The most commonly asked question about “Frozen” is whether it deserves to be regarded as one of Disney’s top classics, and honestly I’d say that it does. The plot is fresh, the animation is stellar, the characters are adorable and there are plenty of feels to be had here. It’s one of the highlights of 21st century Disney and one of their best Disney princess films.
* If Anna and Elsa had been a bit more knowledgeable about Disney movie formulas, they would never have let their parents walk out that door.

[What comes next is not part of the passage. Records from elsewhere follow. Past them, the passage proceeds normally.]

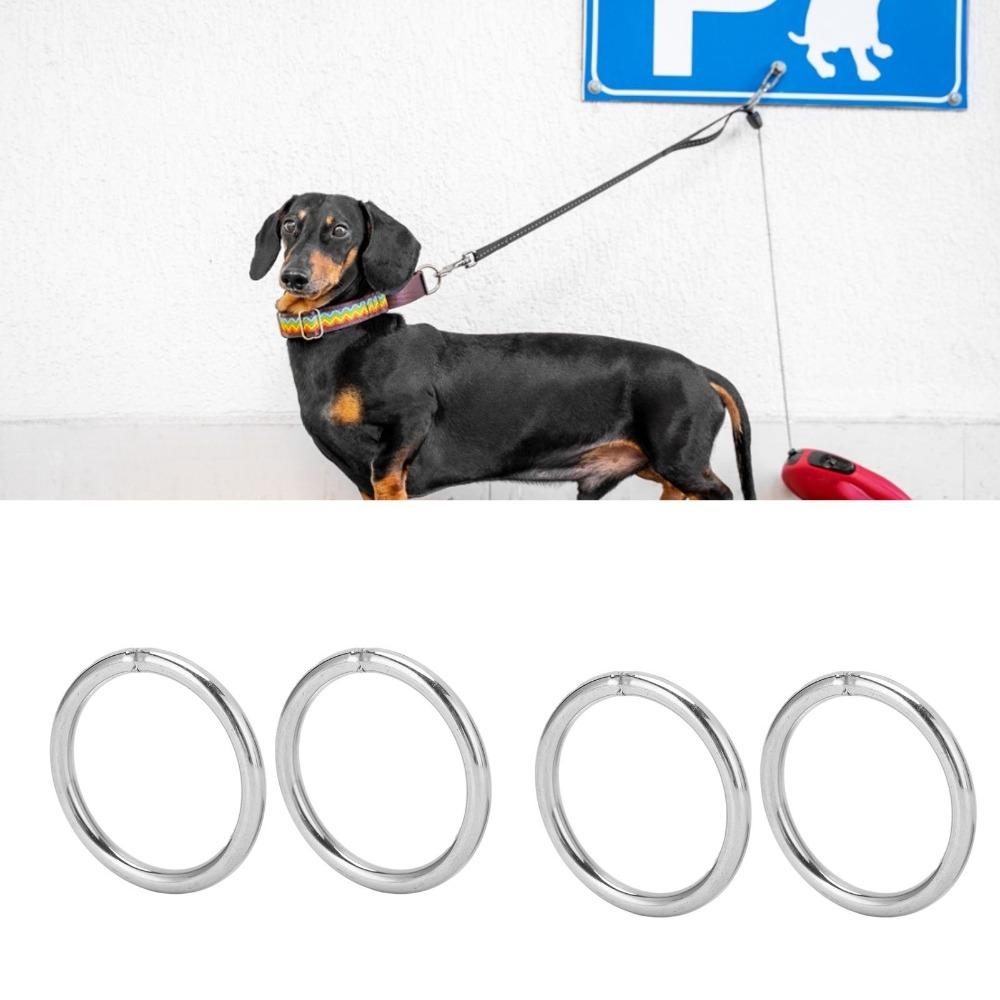 10pcs Multifunctional Welded Round Rings Solid Seamless Multi-Purpose O Rings For Dog Collars
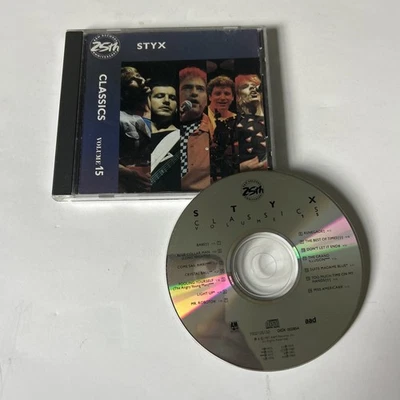 A&M Styx - Classics Volume 15 CD-14 track-Mr Roboto-Babe-Come Sail Away Renegade Foto 1 de 4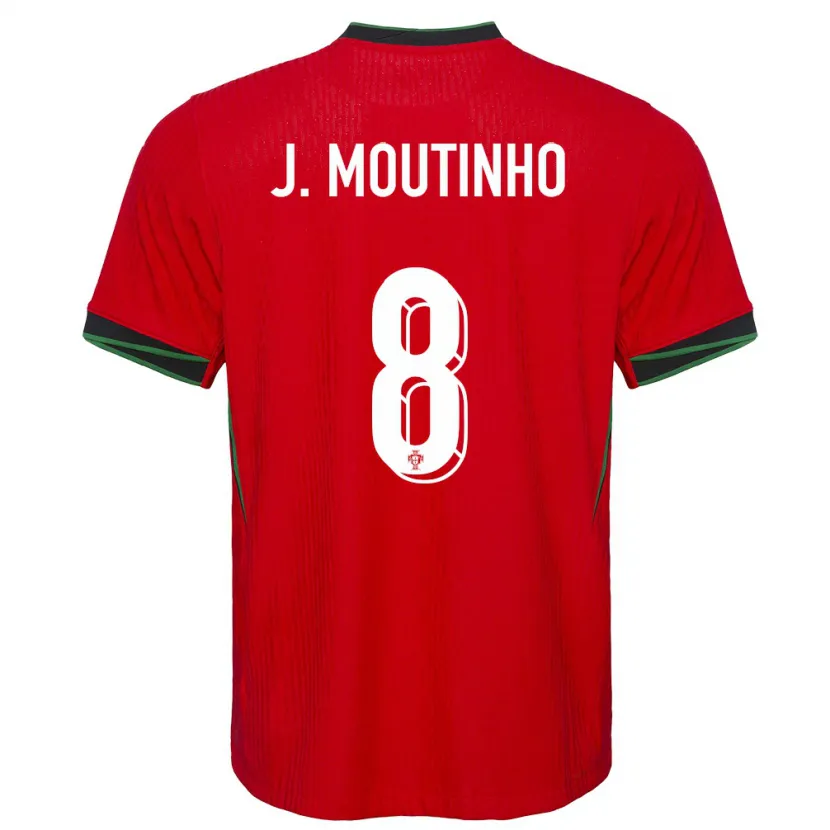 Danxen Kinder Portugal Joao Moutinho #8 Rot Heimtrikot Trikot 24-26 T-Shirt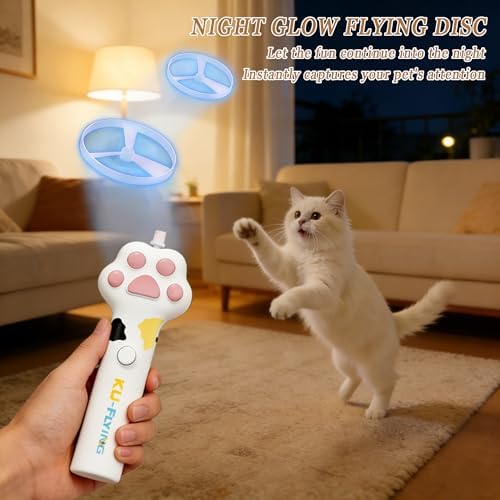 Cat Toy Disc, Interactive Cat Fetch Toy Flying Discs - Image 5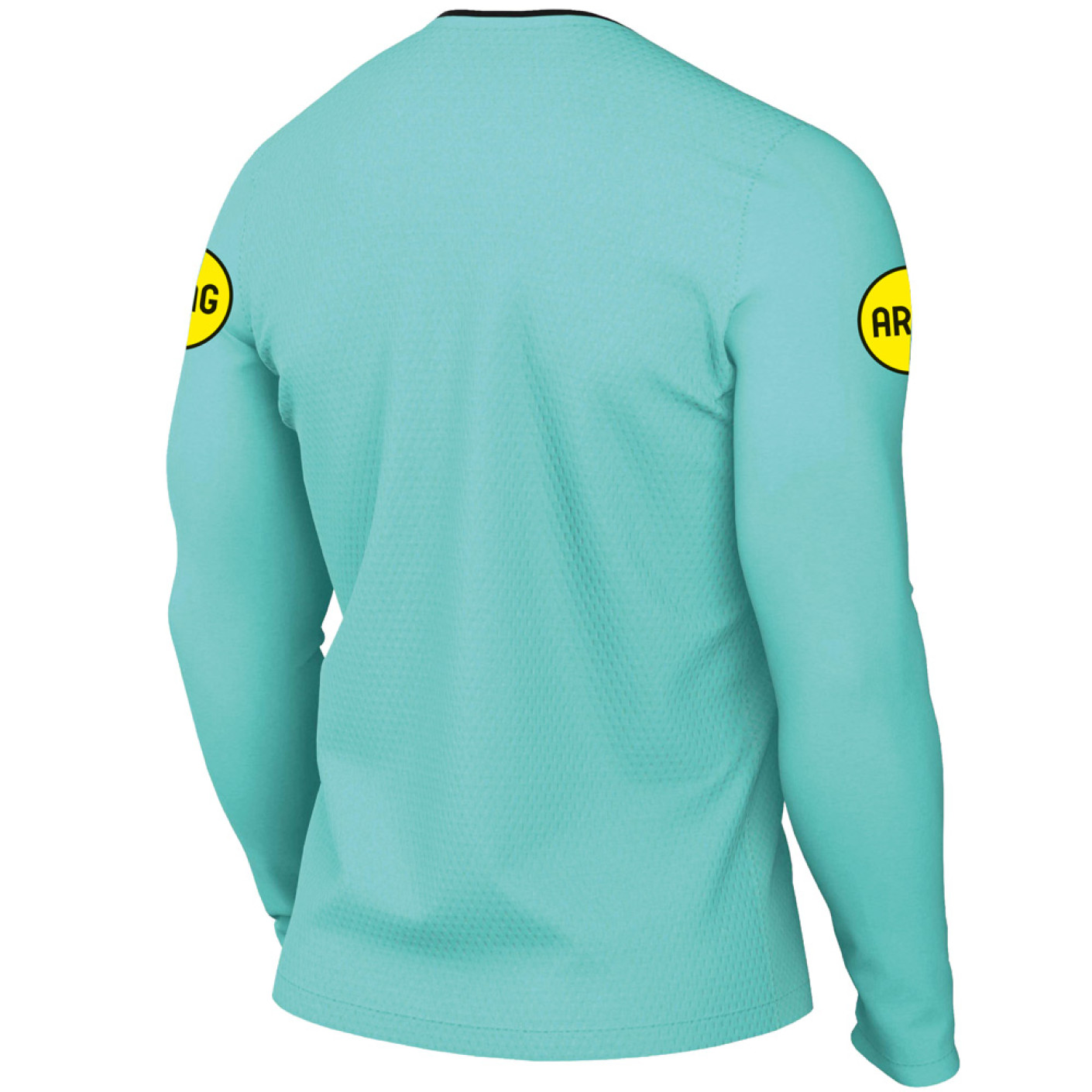 Nike KNVB Scheidsrechtersshirt Lange Mouwen 2024-2026 Turquoise Zwart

* “I know it ends tomorrow, so it has to be today! Cause for the first time in forever, for the first time in forever, nothing in my waaayyyyy!”
* “I love crazy“.
* “Elsa, please, I can’t live like this anymore!” “Then leave” Not gonna lie, if my sister stopped talking to me for over a decade, even after our parents died, and she said that to me I’d verbally rip her butt to shreds in front of dozens of strangers, queen or not. Anna and Elsa’s public meltdown could have been much worse than it was.
* “My power flurries through the air into the ground! My soul is spiraling in frozen fractals all around! And one thought crystallizes like an icy blast! I’m never going back, THE PAST IS IN THE PAST!!!”.
* “Let It Go” ends on something of a sinister note (“The cold never bothered me anyway”), so when I first saw this film I immediately wondered ‘is she gonna descend into evil now? Is that where this film is going?’. Obviously, that wasn’t the case but it does feel like a bit of remnant from when “Let It Go” was intended as a villain song for Elsa.
* On their way up the North Mountain, Anna and Kristoff are accosted by wolves (“IT”S TRUE LOVE!”; “Christopher!” “It’s Kristoff-OW!”). I feel like this scene is a “Beauty and the Beast” parody.
* “But I just paid it off”.
* “But you won’t get your new sled if she’s dead”.
* “Oh, I am going to talk to my sister”.
* “Knock. Just knock. Why isn’t she knocking? Do you think she knows how to knock?”.
* “We can fix this thing together, we can end this winter weather, and everything will be-” “I CAN’T!!!”
* “Wait, who’s this?” When Elsa last saw Anna she was all about Hans, to the point of wanting to marry him, and now she’s with a completely different dude. You can see a brief second of Elsa wondering if Anna dropped Hans already before she remembers getting Anna out is her top priority.
* “Does it look bad?” “…No” “You hesitated”.
* “He’s crazy. I’ll distract him while you run. Hey, Sven’s family, it’s nice to meet you! Anna, because I love you, I insist you run. I understand you’re love experts. Why aren’t you running?!” Girl almost ran too.
* “We’re not saying you can change him, because people don’t really change!” Then why did you spend the last three minutes implying she could change him, troll lady?
* Those trolls want to get Kristoff married off so badly that they not only suggest he off Hans but they actually try to trick Anna into marrying him. Dudes, calm down. Also, why is blondness unmanly?
* I know Elsa regretted making herself some ice heels when she had to haul ass up all those stairs.
* Hans sees one of the Duke’s goons trying to kill Elsa and thinks ‘NO! I’m the villain of this movie, Elsa is MY kill!’.
* “Oh Anna, if only there was someone who loved you” The irony being that the climax is comprised of literally everyone worrying about Anna.
* “Love is… putting someone else’s needs before yours, like how Kristoff brought you back here to Hans and left you forever”.
* Anna stops Kristoff from jumping Hans so she can deck him herself. I wholeheartedly approve.
* After some trepidation, Queen Elsa’s subjects come to accept her, abilities and all. That is a really fortunate outcome, considering the worst case scenario was that “Kill The Beast” song from “Beauty and the Beast”.
* Sven got swag. So much swag.
* I actually do recommend checking out “Frozen Fever” and the “Lego Frozen: Northern Lights” special at some point. Not because they’re anything great – they’re pure fluff that gives Anna and Elsa’s sister bond more time to shine – but because its nice to see Disney having fun poking fun at this franchise. At one point, drunk Elsa even shows up.
* “Up here in the cold thin air, I finally can breathe! I know I left a life behind, but I’m too relieved to grieve!” Nice lyric change.